RE: [XRI] TAG recommendation from Williams, Stuart (HP Labs, Bristol) on 2008-07-22 (www-tag@w3.org from July 2008)

From: Williams, Stuart (HP Labs, Bristol) <skw@hp.com>
Date: Tue, 22 Jul 2008 14:54:42 +0000
To: John Bradley <john.bradley@wingaa.com>
CC: "Schleiff, Marty" <marty.schleiff@boeing.com>, "www-tag@w3.org" <www-tag@w3.org>
Message-ID: <233101CD2D78D64E8C6691E90030E5C816BA2F7ABF@GVW1120EXC.americas.hpqcorp.net>
Hello John,

[By all means read all the way down... but I've placed an <xxxx> marker at
the point where I think my response is more interesting.]
 
> -----Original Message-----
> From: John Bradley [mailto:john.bradley@wingaa.com] 
> Sent: 22 July 2008 06:26
> To: Williams, Stuart (HP Labs, Bristol)
> Cc: Schleiff, Marty; www-tag@w3.org
> Subject: Re: [XRI] TAG recommendation
> 
> Hi Stuart,
> 

<snip/>

> The Syntax spec defines abstract identifiers  iNames.
> 
> These identifiers have two major components:
> 1. An authority segment
> 2. A path segment

Ok...

> These are patterned after IRI,  and if proceeded by a IRI/URI scheme  
> identifier they would be IRI/URI.

Ok... actually, as defined there, it seems to me that all XRI are IRI (ie.
the fall in the subset of strings that are admissable as IRI). I haven't
looked closely at the delimiter issues - but I think that the design intent
would be that XRI are IRI... so that for instance at line 370  of the PDF
version of the syntax spec:

	xref = "(" ( XRI-reference / IRI ) ")"

could be replaced by:

	xref = "(" IRI ) ")"

(as long as one didn't allow the xri:// scheme prefix (in that spec) be
optional).

> The XRI-TC attempted to make XRI syntax IRI compliant.
> 
> I fear there lurks in our discussion a fundamental difference of  
> opinion regarding the relative roles of IRI vs http: scheme URI.
> The XRI-TC and others still hold to TBL's 1996 Axioms 
> http://www.w3.org/DesignIssues/Axioms.html.

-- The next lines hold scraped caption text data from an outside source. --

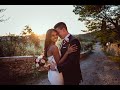 Beautiful, Emotional, Epic Tuscan Castle Wedding 2/3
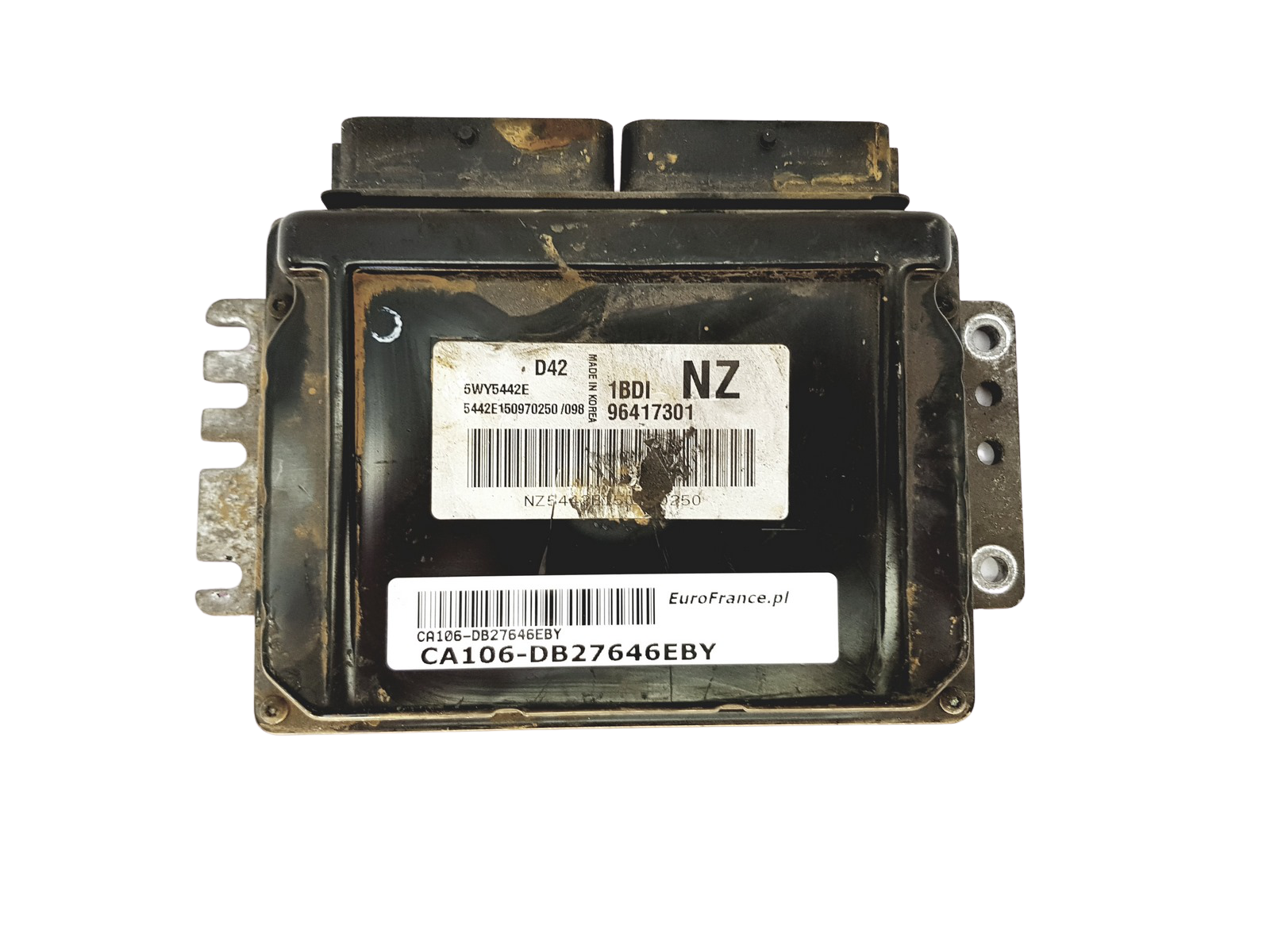 Ohjausyksikkö 5WY5442E 96417301 D42 1BDI NZ Chevrolet 27646 main product photo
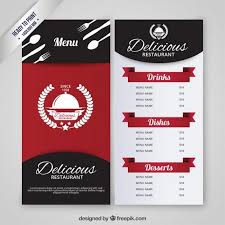 ملف مفتوح Psd لقائمة طعام Restaurant Food Menu Trifold جرافيكس العرب كل ما تحتاج لتكون مبدع ملتقى المصممين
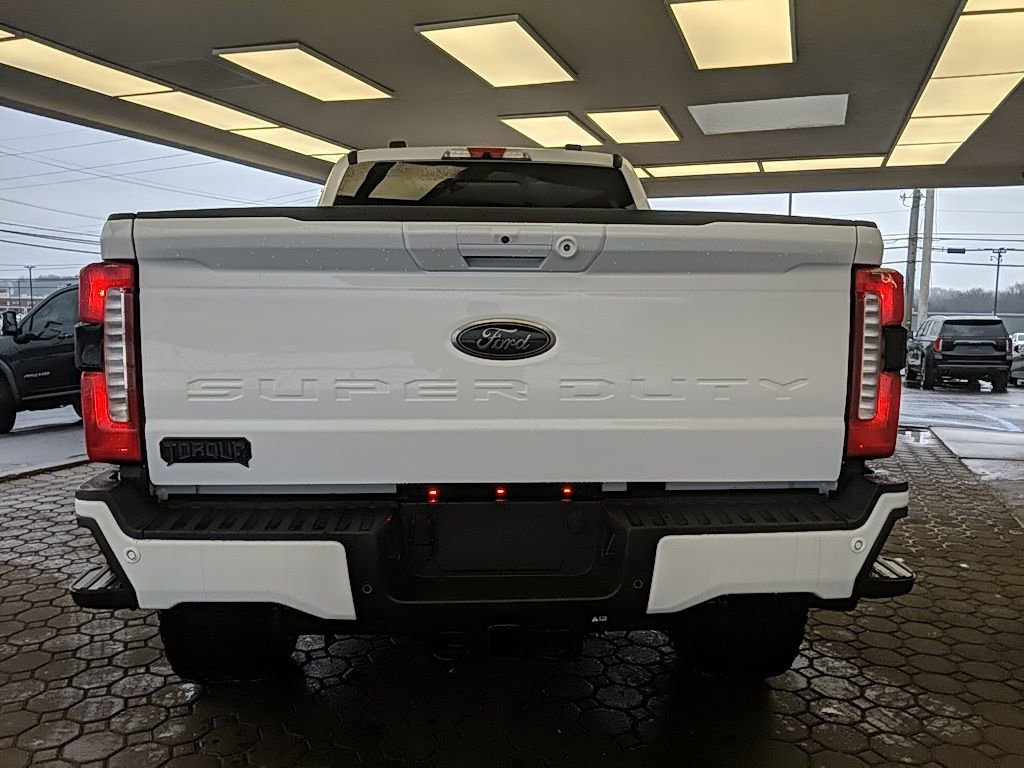 New 2026 Ford F250 Lariat w/ Black Appearance Package image 7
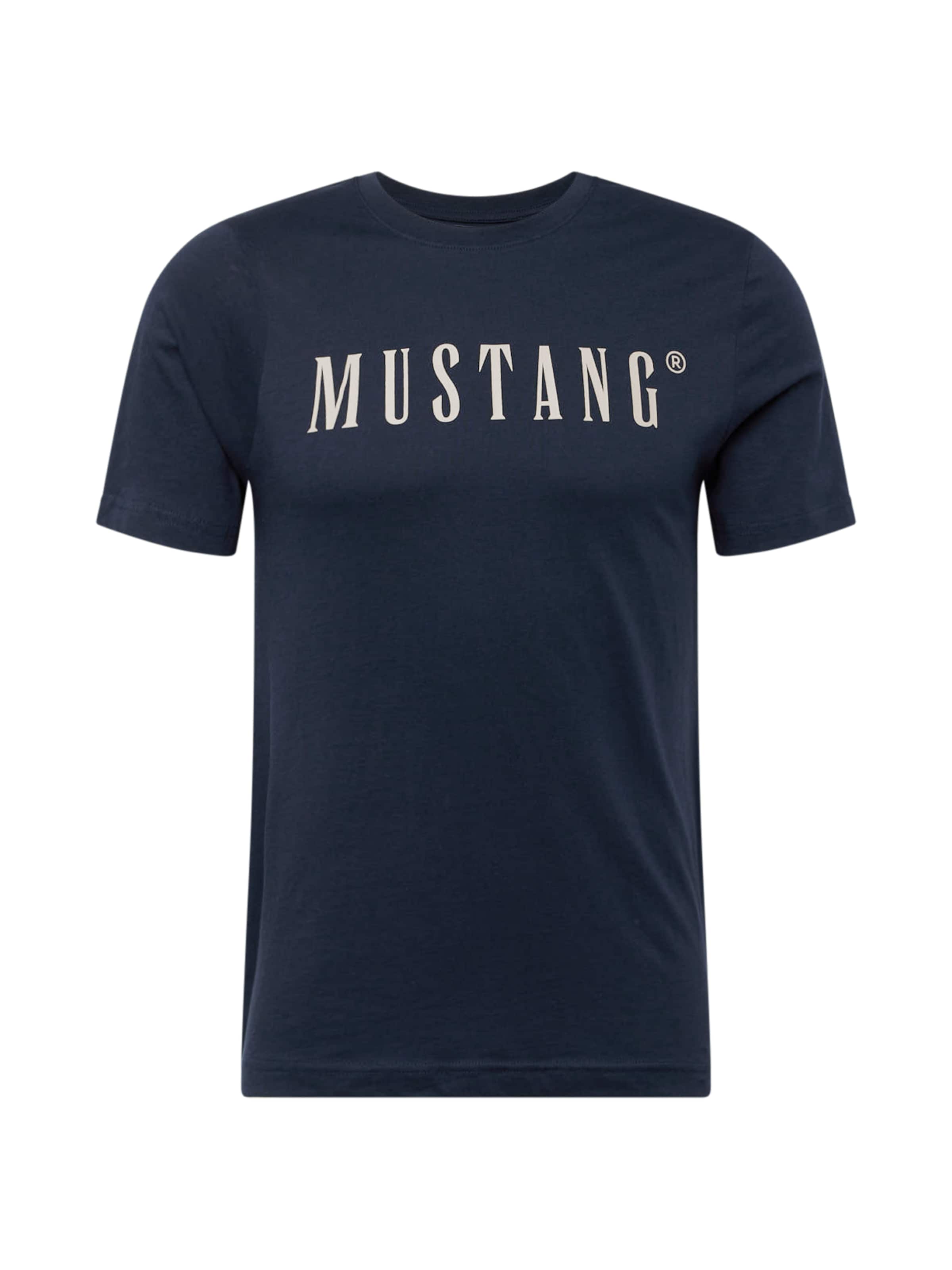 MUSTANG Shirt 'Austin' in Blue: front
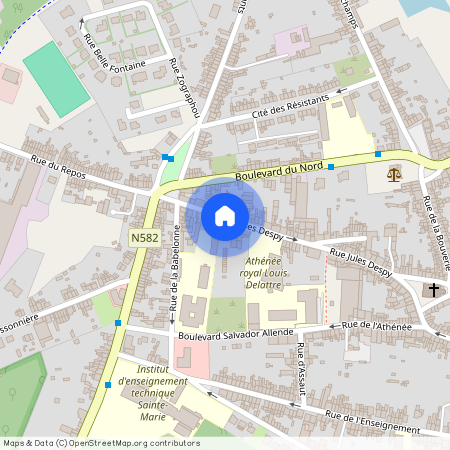 Rue Jules Despy, 59, 6140, Fontaine-L'Évêque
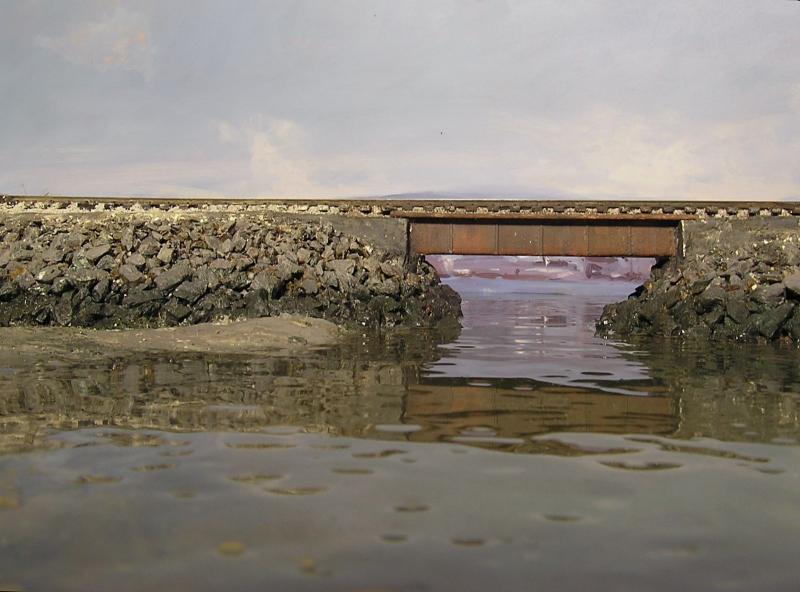 Epoxy Resin water Model Railroad Hobbyist magazine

I don't think so... least ways, if there is something like that lurking I
have no idea what it is.

> The TAG in 2006 partially in response to XRI, published the much  
> quoted "URNs, Namespaces and Registries" 
> http://www.w3.org/2001/tag/doc/URNsAndRegistries-50.html.

That's a work in progress with a long standing action for an update. 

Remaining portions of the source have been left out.